=== PROBLEM STATEMENT ===
Give all the lines below again, exactly, with no pictures.

=== SUPPLIED DATA ===
------------------------------------------------------------------------
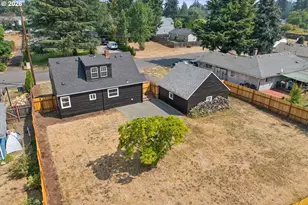 1730 SE Maple Ct, Hillsboro, OR 97123 - Photo 23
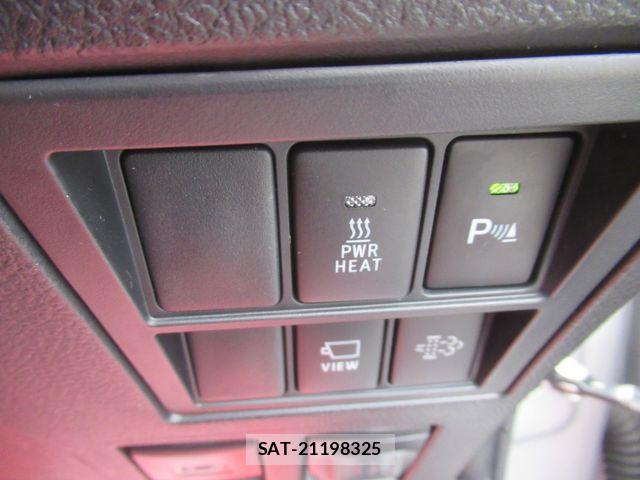 Toyota HILUX 2024-06 7327466-18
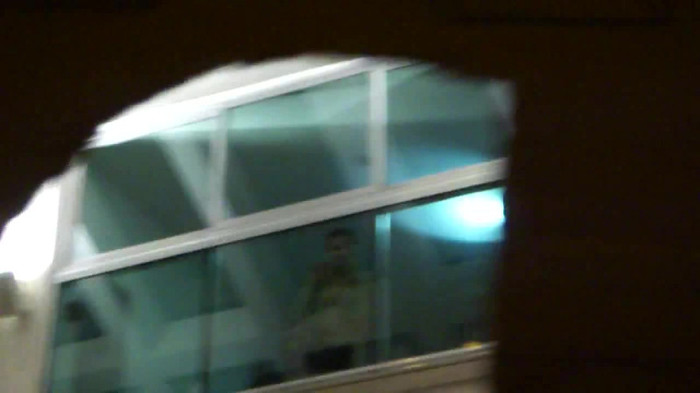 Demi  -  Sheraton Barra (463) - Demi - She Welcomes Fans From Hotel Balcony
------------------------------------------------------------------------
=== EXERCISE RESULT ===
 1730 SE Maple Ct, Hillsboro, OR 97123 - Photo 23
 Toyota HILUX 2024-06 7327466-18
 Demi  -  Sheraton Barra (463) - Demi - She Welcomes Fans From Hotel Balcony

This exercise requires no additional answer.